What were, and are, the dynamics of the namescape of Iona and its environs?

Specific questions propelling this research will be:

–What is the history and evolution of the namescape of Iona and its environs?

–What does this namescape reveal about distinct periods in Iona’s settlement history ?

–To what extent does this namescape reflect distinct groups of naming agents in Iona’s history and its contemporary use (for instance: ecclesiastics; the Gaelic-speaking crofting community; antiquarians, travellers and tourists; modern heritage organisations)?

–What are the implications of this complex namescape for theoretical and practical onomastics, specifically in relation to where the authority lies in name-giving, and the nature of ‘authenticity’ in naming?

This project will research and bring to fruition a series of outputs:

  • An online interactive web resource which will both act as the repository for research data, and also allow both the public and researchers to engage with the rich history of Iona’s namescape (scehduled to be available in 2022).
  • A full survey of the place-names of Iona and the nearby island of Staffa, to be published in the Survey of Scottish Place-Names [SSPN] series (scheduled to be published in 2023).
  • A popular guide to the place-names of Iona and Staffa, designed for visitors to the islands, based on the data uncovered in our research.
  • An essay collection, based on a conference on ‘The Curation of Names: Authority and Authenticity’ considering the situation of Iona and comparable locations internationally.
  • The project will also produce a series of articles relating to aspects of Iona’s namescape, based on our research.

We hope to host two conferences during the course of the project: one on St Columba and Iona in early December 2021; and one on ‘The Curation of Names: Authority and Authenticity’, in 2022.

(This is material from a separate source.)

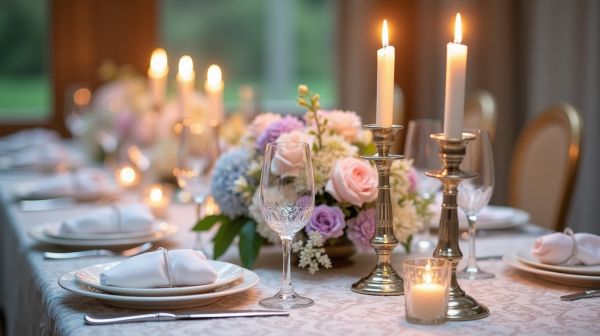 Insufflez élégance à votre table avec des toiles décoratives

An important further objective of the project is to enhance awareness of place-names as historical, human artefacts, and argue for their attentive ‘curation’ by heritage bodies. As such our intended outreach will include workshops with our key partners, the National Trust for Scotland (NTS) and Historic Environment Scotland (HES), the public bodies with main responsibility for Iona, Staffa and parts of Mull, as well as knowledge exchange events with local communities, on Iona and on Mull.